(Stored data entries)
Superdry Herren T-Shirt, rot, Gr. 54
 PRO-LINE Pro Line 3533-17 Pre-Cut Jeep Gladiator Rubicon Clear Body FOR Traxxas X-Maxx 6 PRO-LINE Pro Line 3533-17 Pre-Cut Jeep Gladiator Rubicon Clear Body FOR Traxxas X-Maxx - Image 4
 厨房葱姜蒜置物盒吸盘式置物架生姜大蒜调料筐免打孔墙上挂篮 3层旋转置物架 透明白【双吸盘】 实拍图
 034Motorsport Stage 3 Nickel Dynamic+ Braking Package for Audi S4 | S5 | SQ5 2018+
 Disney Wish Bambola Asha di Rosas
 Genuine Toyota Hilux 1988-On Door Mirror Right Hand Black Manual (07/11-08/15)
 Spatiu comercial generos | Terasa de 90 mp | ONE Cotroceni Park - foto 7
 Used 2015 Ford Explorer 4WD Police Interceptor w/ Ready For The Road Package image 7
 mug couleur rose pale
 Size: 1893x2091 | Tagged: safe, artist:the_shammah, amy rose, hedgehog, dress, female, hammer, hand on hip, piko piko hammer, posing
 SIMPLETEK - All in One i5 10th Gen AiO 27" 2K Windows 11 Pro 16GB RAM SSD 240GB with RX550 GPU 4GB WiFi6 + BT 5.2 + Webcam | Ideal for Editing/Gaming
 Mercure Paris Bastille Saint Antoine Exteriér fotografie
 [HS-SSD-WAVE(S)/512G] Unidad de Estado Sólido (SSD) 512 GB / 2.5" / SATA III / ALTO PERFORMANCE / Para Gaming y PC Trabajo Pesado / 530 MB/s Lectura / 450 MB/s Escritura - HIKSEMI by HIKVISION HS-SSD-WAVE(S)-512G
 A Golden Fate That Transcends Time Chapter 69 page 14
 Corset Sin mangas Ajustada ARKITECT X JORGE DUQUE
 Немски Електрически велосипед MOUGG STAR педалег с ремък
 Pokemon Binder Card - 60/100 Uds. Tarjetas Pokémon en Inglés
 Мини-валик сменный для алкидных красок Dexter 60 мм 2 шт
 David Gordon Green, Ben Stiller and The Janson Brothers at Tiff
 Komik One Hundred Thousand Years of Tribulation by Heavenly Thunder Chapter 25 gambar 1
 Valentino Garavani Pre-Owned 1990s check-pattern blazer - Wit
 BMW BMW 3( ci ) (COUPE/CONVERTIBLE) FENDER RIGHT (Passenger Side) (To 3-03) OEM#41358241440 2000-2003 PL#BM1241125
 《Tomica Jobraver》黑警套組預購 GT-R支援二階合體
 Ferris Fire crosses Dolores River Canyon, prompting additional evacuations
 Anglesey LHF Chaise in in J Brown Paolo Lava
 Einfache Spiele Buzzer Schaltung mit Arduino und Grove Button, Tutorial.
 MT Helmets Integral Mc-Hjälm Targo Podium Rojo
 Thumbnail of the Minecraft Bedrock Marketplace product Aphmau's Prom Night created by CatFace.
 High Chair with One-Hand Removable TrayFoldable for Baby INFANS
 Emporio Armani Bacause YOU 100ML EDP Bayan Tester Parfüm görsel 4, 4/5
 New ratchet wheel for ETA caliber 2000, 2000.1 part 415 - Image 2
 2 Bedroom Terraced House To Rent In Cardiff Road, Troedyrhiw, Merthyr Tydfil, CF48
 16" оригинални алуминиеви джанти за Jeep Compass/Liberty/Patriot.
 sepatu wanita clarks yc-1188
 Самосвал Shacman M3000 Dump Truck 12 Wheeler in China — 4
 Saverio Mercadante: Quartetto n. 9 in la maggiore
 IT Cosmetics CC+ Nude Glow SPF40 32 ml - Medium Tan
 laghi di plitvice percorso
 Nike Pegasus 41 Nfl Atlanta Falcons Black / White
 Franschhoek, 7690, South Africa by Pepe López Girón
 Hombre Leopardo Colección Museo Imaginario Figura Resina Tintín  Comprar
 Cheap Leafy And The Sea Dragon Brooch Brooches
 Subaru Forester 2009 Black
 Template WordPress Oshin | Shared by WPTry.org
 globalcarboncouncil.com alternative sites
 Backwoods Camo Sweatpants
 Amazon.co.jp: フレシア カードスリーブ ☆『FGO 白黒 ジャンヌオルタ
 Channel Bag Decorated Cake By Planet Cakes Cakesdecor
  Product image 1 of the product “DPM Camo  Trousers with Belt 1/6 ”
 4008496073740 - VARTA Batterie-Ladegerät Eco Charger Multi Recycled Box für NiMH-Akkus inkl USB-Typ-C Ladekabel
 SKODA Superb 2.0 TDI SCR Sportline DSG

**Activity**
The range runs from the line above containing "Ferris Fire crosses" to the line containing "Thumbnail of the", inclusive. Restate those lines word for word and no others.

**Result**
 Ferris Fire crosses Dolores River Canyon, prompting additional evacuations
 Anglesey LHF Chaise in in J Brown Paolo Lava
 Einfache Spiele Buzzer Schaltung mit Arduino und Grove Button, Tutorial.
 MT Helmets Integral Mc-Hjälm Targo Podium Rojo
 Thumbnail of the Minecraft Bedrock Marketplace product Aphmau's Prom Night created by CatFace.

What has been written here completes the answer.